The preceding query solves only half the problem. If there are rows in ProductUpdate that aren’t loaded into your ProductMaster yet, you need to identify them and insert them with an Append query. You can build this by starting with the Unmatched Query Wizard. Choose ProductUpdate as the source table and ProductMaster as the table containing the related records. Link the tables on ProductID, and make sure to include all fields in the output. Your query should look something like this:
SELECT DISTINCTROW ProductUpdate.ProductID, ProductUpdate.ProductName, ProductUpdate.SupplierID, ProductUpdate.CategoryID, ProductUpdate.QuantityPerUnit, ProductUpdate.UnitPrice, ProductUpdate.ReorderLevel, ProductUpdate.Discontinued FROM ProductUpdate LEFT JOIN ProductMaster ON ProductUpdate.ProductID = ProductMaster.ProductID WHERE ProductMaster.ProductID Is Null;
Now, turn the preceding query into an Append query, and specify ProductMaster as the target table for the insert. The resulting SQL is:
INSERT INTO ProductMaster (ProductID, ProductName, SupplierID, CategoryID, QuantityPerUnit, UnitPrice, ReorderLevel, Discontinued, ProductID ) SELECT ProductUpdate.ProductID, ProductUpdate.ProductName, ProductUpdate.SupplierID, ProductUpdate.CategoryID, ProductUpdate.QuantityPerUnit, ProductUpdate.UnitPrice, ProductUpdate.ReorderLevel, ProductUpdate.Discontinued, ProductMaster.ProductID FROM ProductUpdate LEFT JOIN ProductMaster ON ProductUpdate.ProductID = ProductMaster.ProductID WHERE ProductMaster.ProductID Is Null;
Now you can run the Update query followed by this Insert query to merge your transaction table into the master table.
This two-step process works for all tables in Access, including ones that have an Autonumber (Counter) Primary Key.

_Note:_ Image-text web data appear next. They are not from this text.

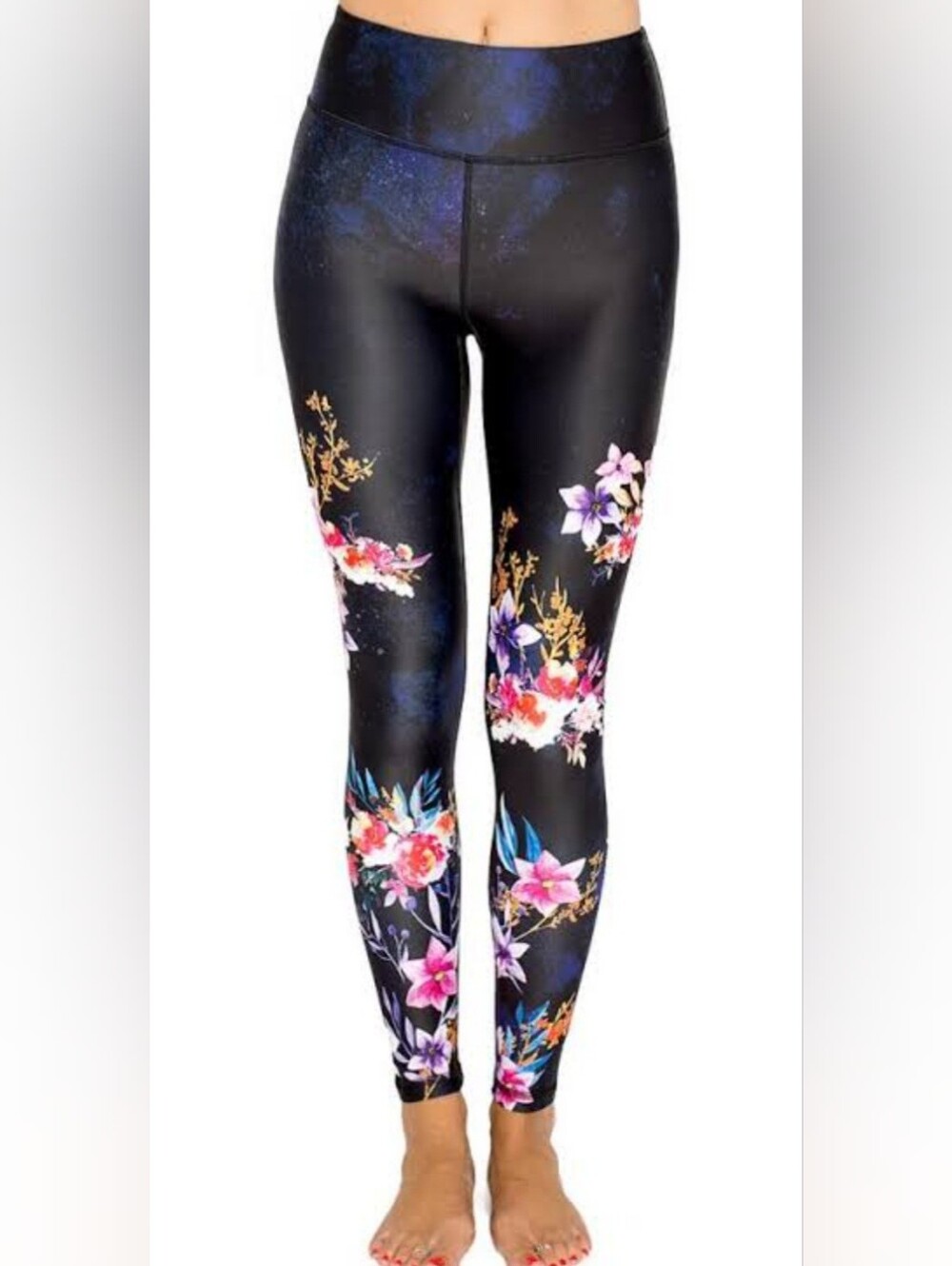 Silver Icing Black Floral Print Limited Edition Leggings Sz XS
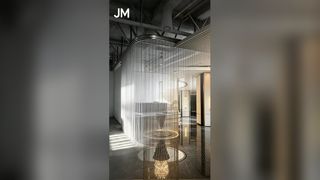 Rideaux en maille architecturaux modernes de draperie de bobine d'aluminium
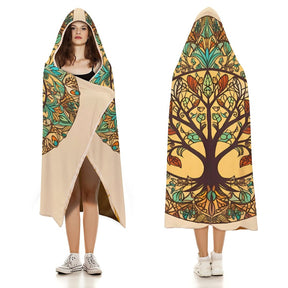 Tree Hooded Blanket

If your target table has an updateable Primary Key (unlike the Autonumber data type, which isn’t updateable), then you can accomplish both the update and insert in a single query. The trick is to modify the Update query to use an Outer Join from the update table to the master table and include the Primary Key in the SET clause. When there’s a match, Access updates the existing record. When Access finds a row in the update table that doesn’t exist at all in the master table, it “updates” the entire row into the table by inserting it! The SQL looks like this:
UPDATE ProductUpdate LEFT JOIN ProductMaster ON ProductUpdate.ProductID = ProductMaster.ProductID SET ProductMaster.ProductID = [ProductUpdate].[ProductID], ProductMaster.ProductName = [ProductUpdate].[ProductName], ProductMaster.SupplierID = [ProductUpdate].[SupplierID], ProductMaster.CategoryID = [ProductUpdate].[CategoryID], ProductMaster.QuantityPerUnit = [ProductUpdate].[QuantityPerUnit], ProductMaster.UnitPrice = [ProductUpdate].[UnitPrice], ProductMaster.Discontinued = [ProductUpdate].[Discontinued];
You can use this single-query technique in a table that has an Autonumber Primary Key as long as you omit the update to the key field (ProductID, in this case). Be aware, however, that Access will automatically generate the “next” available Primary Key value for any inserted rows — which probably won’t match the Primary Key values in the incoming update table.